Eva-Maria Armbruster plädiert deshalb dafür, dass künftig alle Verbesserungen in der Pflege aus Mitteln der Pflegeversicherung finanziert werden und nicht zulasten der Pflegebedürftigen gehen. Nur wenn die Kosten einer guten Pflege von Politik und Gesellschaft anerkannt würden und diese „solidarisch getragen werden“, könne man aus dem Kreislauf einer zunehmenden Unterfinanzierung der Dienste und Einrichtungen ausbrechen. Nur so werde es möglich sein, ausreichend qualifiziertes und motiviertes Personal zu gewinnen, weil man Mitarbeiterinnen und Mitarbeiter leistungsgerecht bezahlen und gute Arbeitsbedingungen schaffen könne, so Armbruster. Für Oberkirchenrat Dieter Kaufmann steht fest: „Wir werden für eine gute pflegerische Versorgung mehr Geld ausgeben müssen.“

Zermürbende Bürokratie

Claudia Degler, stellvertretende Geschäftsführerin und Heimleiterin des Evangelischen Vereins Bad Cannstatt, sagt, man brauche gute und auskömmlich finanzierte Personalschlüssel. „Die Arbeitsbedingungen müssen so sein, dass die Mitarbeiter sich noch als Menschen fühlen und nicht wie Maschinen über die Flure laufen.“ Martina Zoll, Geschäftsführerin der Diakoniestation Weissacher Tal, klagt, man leide schon jetzt unter einer erheblichen Personalknappheit. „Wir müssen immer wieder Pflegeanfragen ablehnen. Das ist sehr bitter und nur schwer auszuhalten.“ Ihre Sorge ist, dass sich die Lage schon bald noch verschärfen wird, weil „viele Mitarbeiterinnen bald in Ruhestand gehen“. Martina Zoll klagt auch über zu viel Bürokratie in der Pflege.
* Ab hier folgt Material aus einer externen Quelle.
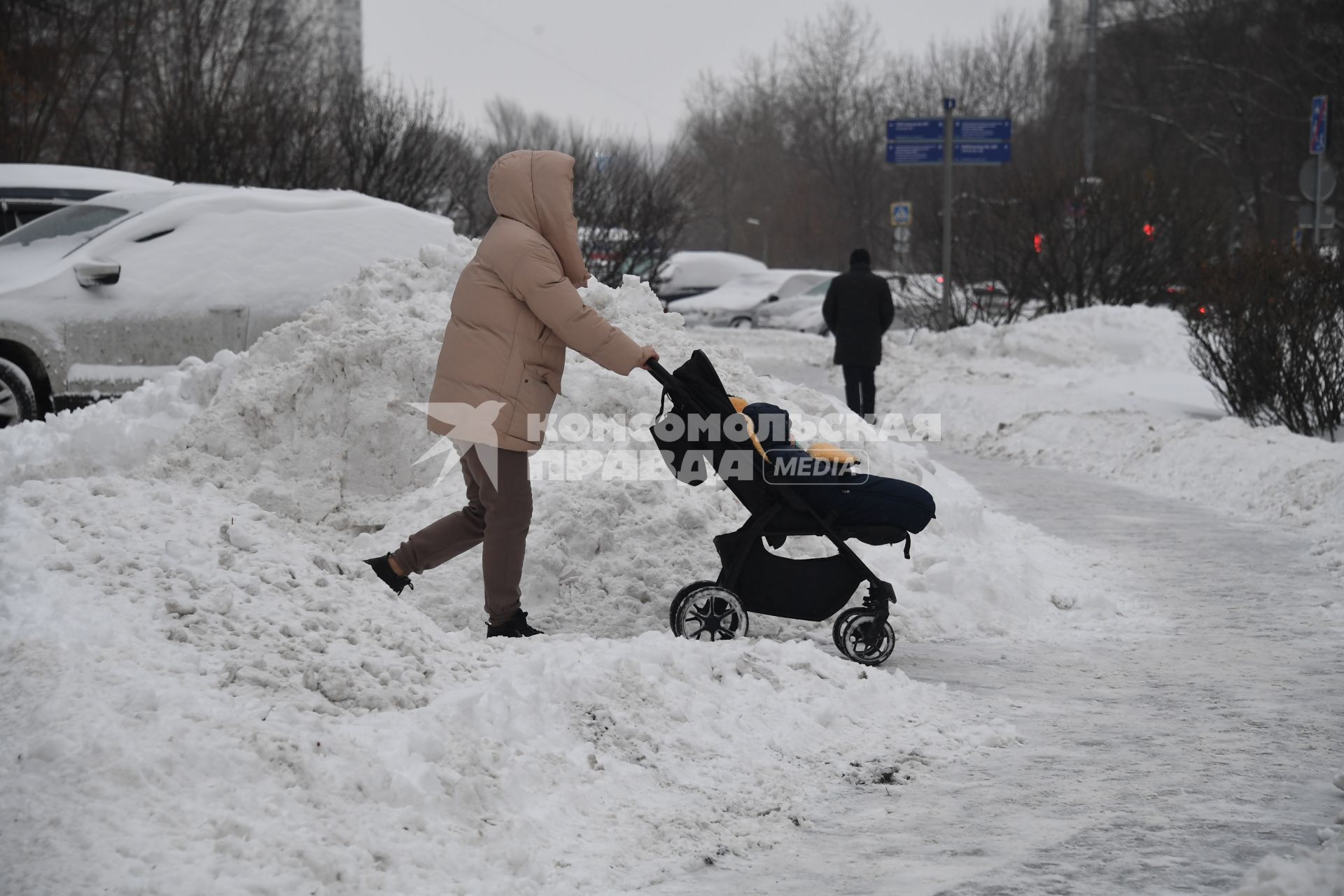 Зима в Москве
Die weitreichende Dokumentationspflicht „zermürbt unsere Mitarbeiter“. Wenn es nach der Geschäftsführerin der Diakoniestation Weissacher Tal geht, muss künftig bei der Finanzierung der Pflege, welche auf die Unterstützung durch Ehrenamtliche angewiesen ist, auch der Aufwand zur Koordinierung dieser Netzwerke berücksichtigt werden.